Terms of service

Terms and conditions within the framework of purchase contracts concluded via the platform www.solutions-2m.de between 2M Solutions GmbH, Römerstraße 11, 88255 Baienfurt, Germany, telephone +4915206846581, registered in the commercial register of the District Court of Ulm under HRB 743963, represented by the managing directors Marcel Wahl and Moritz Gresser, VAT identification number: DE351653694, hereinafter referred to as the “Provider”, and the consumer or entrepreneur, hereinafter referred to as the “Customer”.

§ 1 Scope, Definitions

(1) These General Terms and Conditions in their version valid at the time of the order shall apply exclusively to the business relationship between the webshop provider (hereinafter “Provider”) and the customer (hereinafter “Customer”). Deviating general terms and conditions of the customer shall not be recognized unless the provider expressly agrees to their validity in writing.

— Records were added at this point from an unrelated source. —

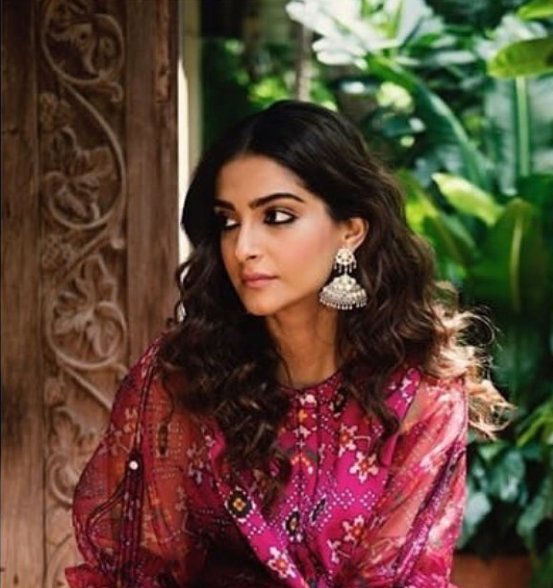 'I have eclectic taste, and I love vintage style mixed with glamour and old world charm'- Sonam Kapoor

#inaayatjewels #silverjewellery #indianbrand #indianfemaleentrepreneur #handmadeinindia #vintagejewellery #jewelleryhistory #entrepreneurship #sonamkapoor #celebrity #Bollywood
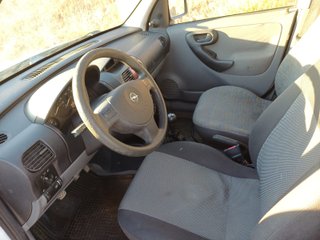 Opel Combo; 160,000 KM; 3,400€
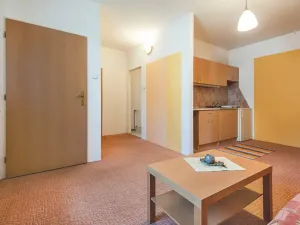 Prodej obchodního prostoru, Kolín, Roháčova, 340 m2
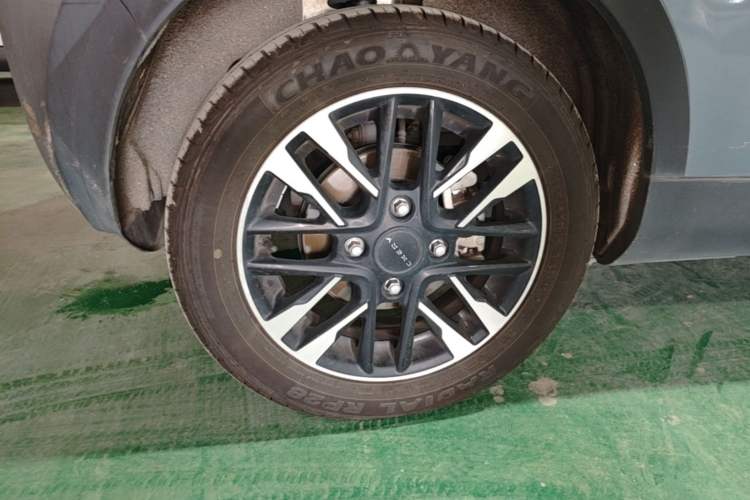 Used Chery QQ Little Ant 2021 200 000-Yuan Ant Fan Edition Oxygen Version Lithium Iron Phosphate 301 km Right Rear Wheel Hub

(2) The customer is a consumer insofar as the purpose of the ordered deliveries and services cannot predominantly be attributed to their commercial or independent professional activity. An entrepreneur, on the other hand, is any natural or legal person or legally capable partnership that acts in the exercise of its commercial or independent professional activity when concluding the contract.

§ 2 Conclusion of Contract

(1) The customer may select products, in particular fitness accessories, from the provider’s assortment and collect them in a so-called shopping cart using the “Add to cart” button. By clicking the “Order with obligation to pay” button, the customer submits a binding offer to purchase the goods contained in the shopping cart. Before submitting the order, the customer may change and review the data at any time. However, the offer may only be submitted and transmitted if the customer accepts these contractual terms by clicking the “Accept Terms and Conditions” button and thereby includes them in their offer.

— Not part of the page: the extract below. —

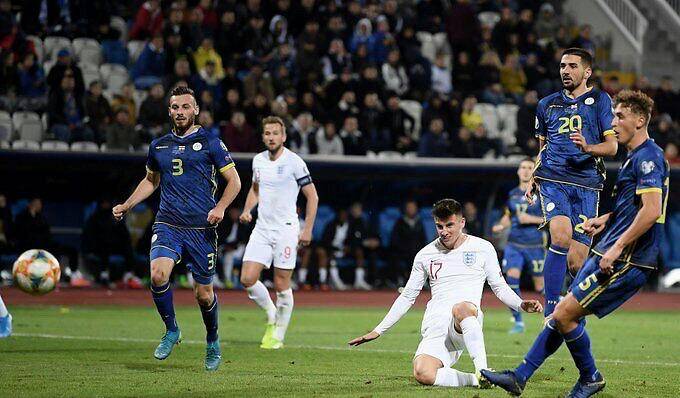 KOK体育-淘汰赛大战！克罗地亚与瑞士实力对决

(2) The provider then sends the customer an automatic order confirmation by email, in which the customer’s order is listed again and which the customer can print using the “Print” function. The automatic order confirmation merely documents that the customer’s order has been received by the provider and does not constitute acceptance of the offer. The contract is only concluded upon submission of the acceptance declaration by the provider, which is sent with a separate email (order confirmation). In this email or in a separate email, but no later than upon delivery of the goods, the contract text (consisting of the order, terms and conditions, and order confirmation) is sent to the customer by the provider on a durable medium (email or paper printout) (contract confirmation). The contract text is stored in compliance with data protection regulations.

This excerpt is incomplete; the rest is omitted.